**What this task involves:**
Only one span is wanted from the lines below: from the one with "The last few" up to and including the one with "Plus enjoy these". Copy it exactly, without images.

**Dataset excerpts:**
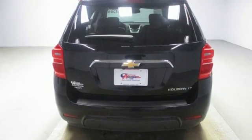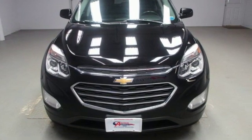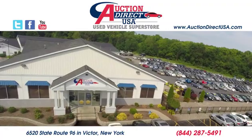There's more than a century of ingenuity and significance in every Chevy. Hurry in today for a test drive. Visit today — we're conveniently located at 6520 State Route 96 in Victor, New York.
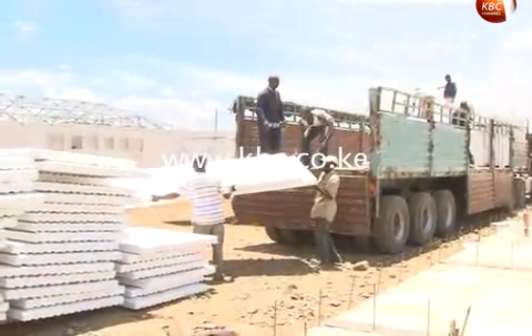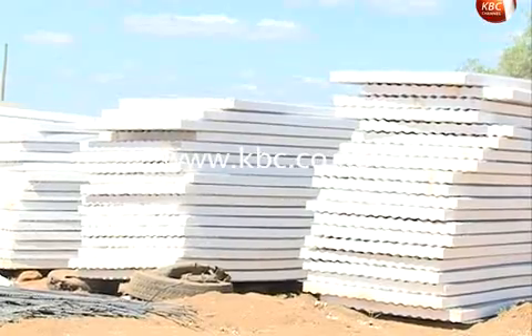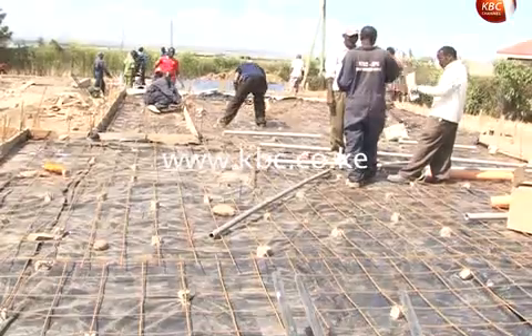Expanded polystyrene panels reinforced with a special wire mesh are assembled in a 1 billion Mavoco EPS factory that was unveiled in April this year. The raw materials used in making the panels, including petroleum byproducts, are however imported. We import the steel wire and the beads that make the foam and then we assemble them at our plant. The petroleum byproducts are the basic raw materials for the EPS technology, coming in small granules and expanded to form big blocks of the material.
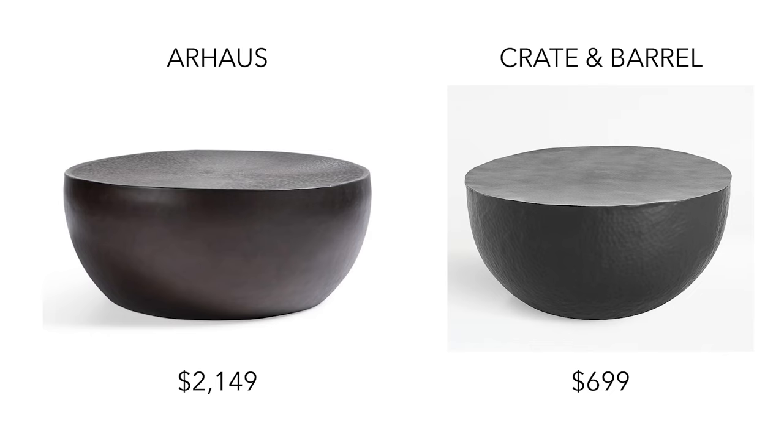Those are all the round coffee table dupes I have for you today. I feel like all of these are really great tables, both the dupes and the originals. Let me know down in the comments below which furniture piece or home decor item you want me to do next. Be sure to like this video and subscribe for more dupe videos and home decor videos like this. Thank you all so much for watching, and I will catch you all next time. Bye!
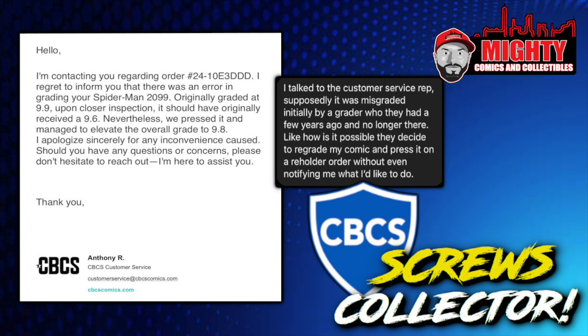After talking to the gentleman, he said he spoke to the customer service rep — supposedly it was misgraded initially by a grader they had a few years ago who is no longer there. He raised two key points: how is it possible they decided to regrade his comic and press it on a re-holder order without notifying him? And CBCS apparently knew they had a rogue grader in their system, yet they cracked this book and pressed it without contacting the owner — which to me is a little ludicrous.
* * *
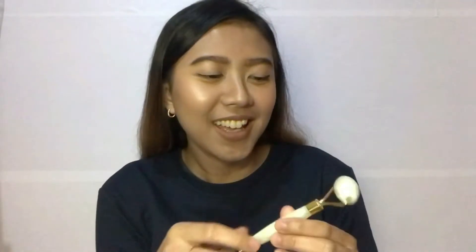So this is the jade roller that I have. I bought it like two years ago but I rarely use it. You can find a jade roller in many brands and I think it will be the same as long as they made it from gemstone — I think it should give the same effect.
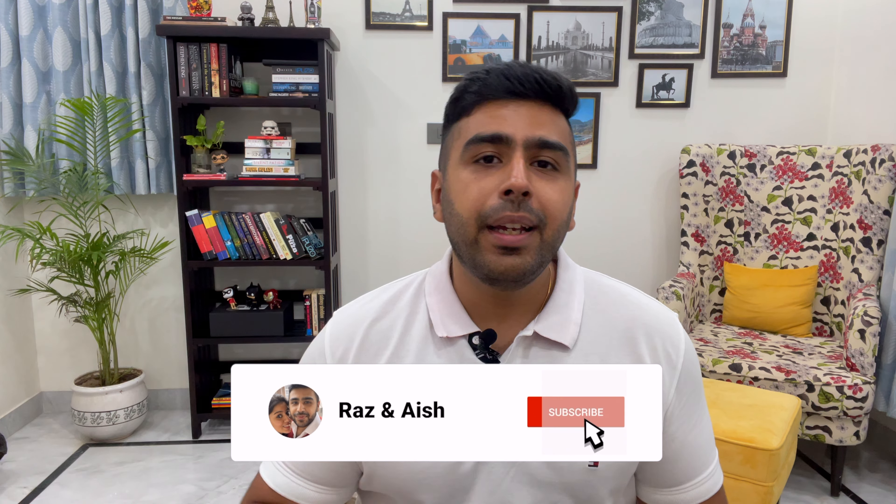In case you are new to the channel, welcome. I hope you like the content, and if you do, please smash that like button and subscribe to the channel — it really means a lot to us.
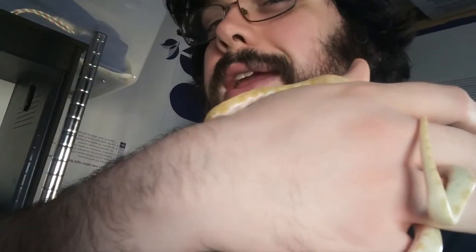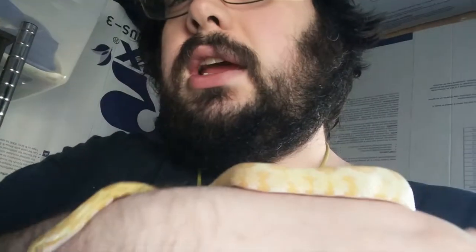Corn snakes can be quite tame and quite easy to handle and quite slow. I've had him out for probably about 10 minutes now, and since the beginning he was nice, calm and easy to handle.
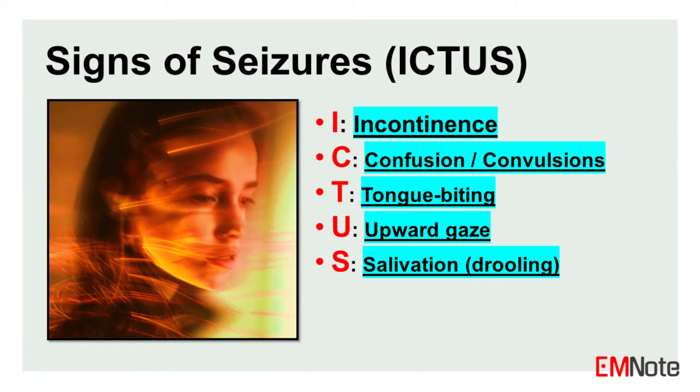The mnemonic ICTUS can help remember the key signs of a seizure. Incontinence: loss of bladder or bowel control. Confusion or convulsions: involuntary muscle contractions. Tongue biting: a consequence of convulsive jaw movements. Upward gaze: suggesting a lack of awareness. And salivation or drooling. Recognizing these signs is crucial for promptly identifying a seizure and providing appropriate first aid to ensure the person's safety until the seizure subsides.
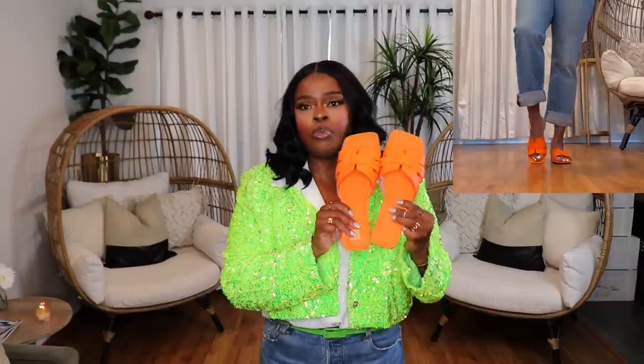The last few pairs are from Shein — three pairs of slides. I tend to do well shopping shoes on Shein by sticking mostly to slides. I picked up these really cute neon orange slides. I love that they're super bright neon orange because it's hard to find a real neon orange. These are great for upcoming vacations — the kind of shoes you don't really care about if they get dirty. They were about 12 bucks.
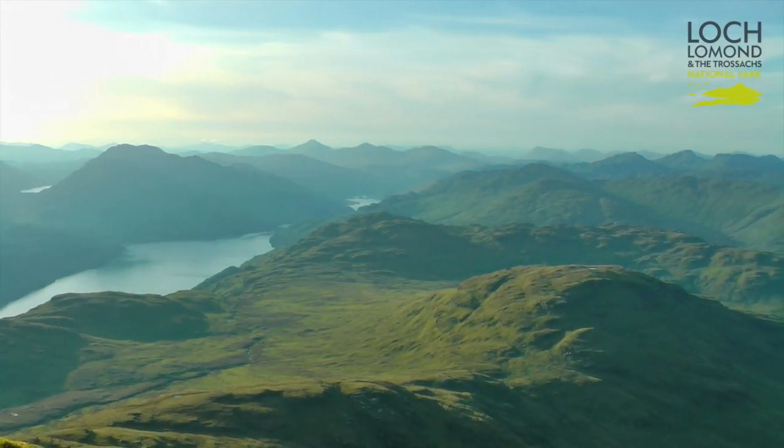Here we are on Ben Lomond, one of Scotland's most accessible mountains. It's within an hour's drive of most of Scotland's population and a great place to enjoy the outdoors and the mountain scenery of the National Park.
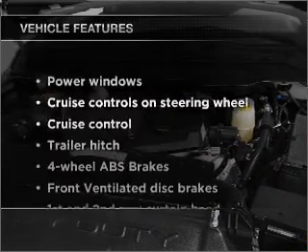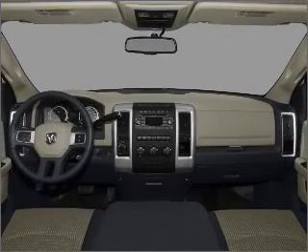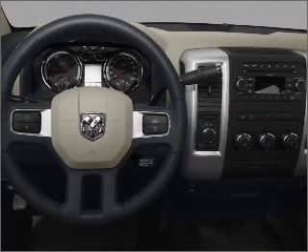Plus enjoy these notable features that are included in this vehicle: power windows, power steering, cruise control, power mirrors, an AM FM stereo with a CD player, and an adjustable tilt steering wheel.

**Result of this exercise:**
The last few pairs are from Shein — three pairs of slides. I tend to do well shopping shoes on Shein by sticking mostly to slides. I picked up these really cute neon orange slides. I love that they're super bright neon orange because it's hard to find a real neon orange. These are great for upcoming vacations — the kind of shoes you don't really care about if they get dirty. They were about 12 bucks.
Here we are on Ben Lomond, one of Scotland's most accessible mountains. It's within an hour's drive of most of Scotland's population and a great place to enjoy the outdoors and the mountain scenery of the National Park.
Plus enjoy these notable features that are included in this vehicle: power windows, power steering, cruise control, power mirrors, an AM FM stereo with a CD player, and an adjustable tilt steering wheel.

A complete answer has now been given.